An electric incapacitation device varies both the energy of output pulses and the time intervals between them, where all of the time intervals are longer than about 55 msec. The timing choices keep the output pulses from repeatedly coinciding with the T-wave portion of a targeted person's cardiac waveform. This reduces the risk of inducing fibrillation.

Description

BACKGROUND OF THE INVENTION

The invention relates to electric incapacitation devices (EID) such as stun guns and the like and, more specifically, to controlling the lethality of such weapons.

BACKGROUND INFORMATION

Handheld stun-guns are widely used by police officers to subdue uncooperative or potentially dangerous individuals by subjecting them to electric current pulses inducing incapacitating muscle cramps. The jolt from a stun gun is intended to cause such severe cramping as to prohibit locomotion and to cause the victim to fall to the ground.

An approach to tailoring the energy delivery sequence of a stun gun is taught by the inventor in his U.S. Pat. No. 7,778,005, the entire disclosure of which is herein incorporated by reference.

A continuing concern in the design and development of stun guns and the like is achieving an optimum tradeoff between effectiveness and risk. Effectiveness on hardy, robust, or drugged individuals calls for higher power levels. Minimizing a potentially fatal risk of cardiac fibrillation, especially when targeting an individual who has underlying cardiac health issues or who is under severe physical stress, calls for lower power levels.

Fibrillation is most likely to occur if an electric shock pulse is delivered during the T-wave portion of the heart's characteristic QRST waveform. Analysis of typical QRST electrocardiogram (ECG) waves indicate that the susceptible T-wave duration has a duration of about 40 msec to 60 msec. out of a total period of 0.5 sec to 1 second (i.e., for a 60 to 120 beat per minute heart rate).

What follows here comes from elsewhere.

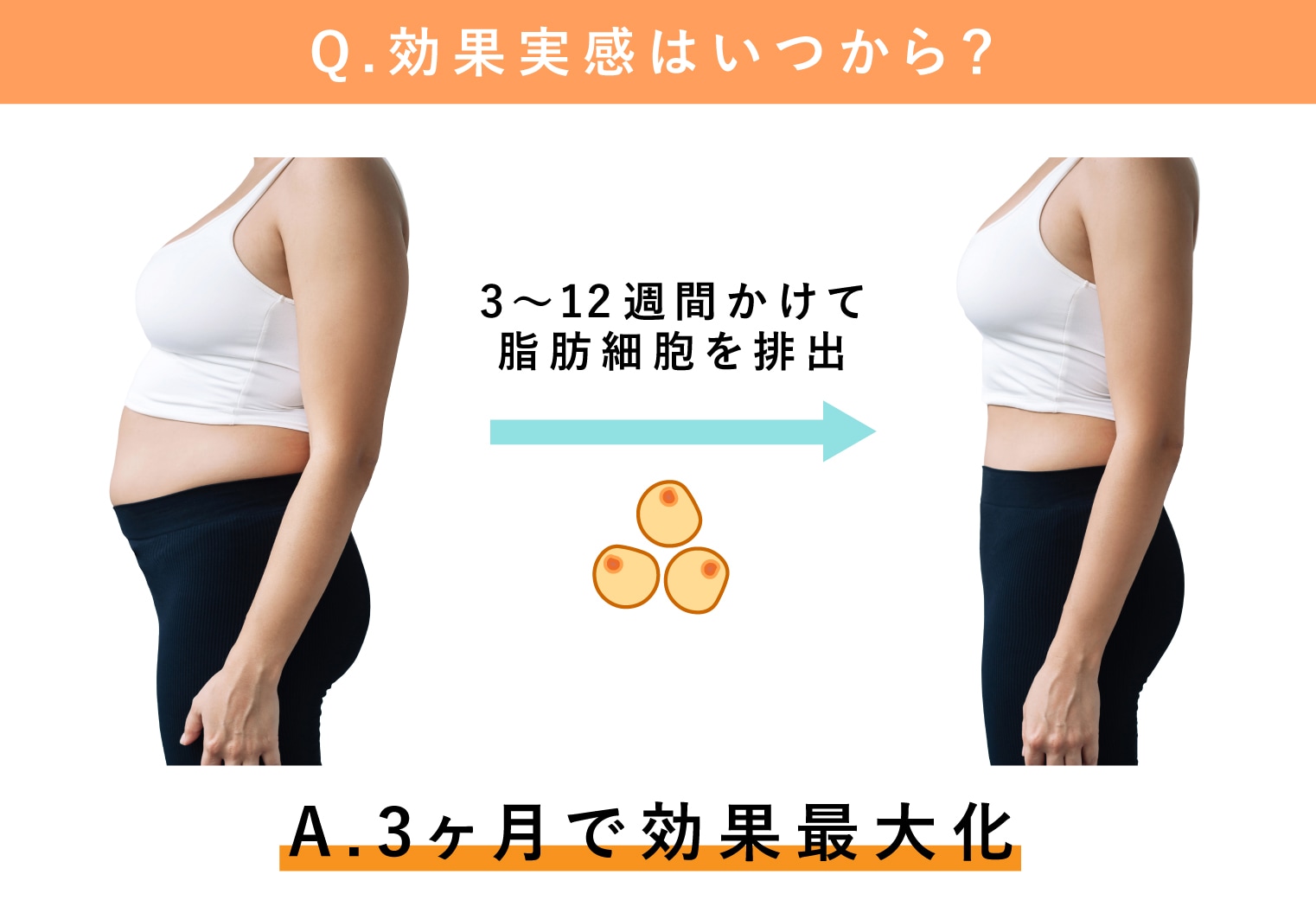 効果の最大化は3ヶ月後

To assure incapacitation, electric pulse rates are commonly chosen to be high enough to achieve muscle tetanization. Published data has shown that when a regular chain of pulses is applied, pulse rates higher than about 15 Hz are needed to assure complete muscle tetanus. A conventional stun gun satisfies this constraint by supplying about 18 pulses per second (i.e., one pulse every 55 msec). Thus, during a stun application, the probability of each pulse occurring within a susceptible T-wave interval is nearly 100%. This leads to a design strategy of limiting pulse amplitudes to be low enough to be acceptably safe for susceptible individuals and thus sometimes be inadequate for controlling the most difficult individuals.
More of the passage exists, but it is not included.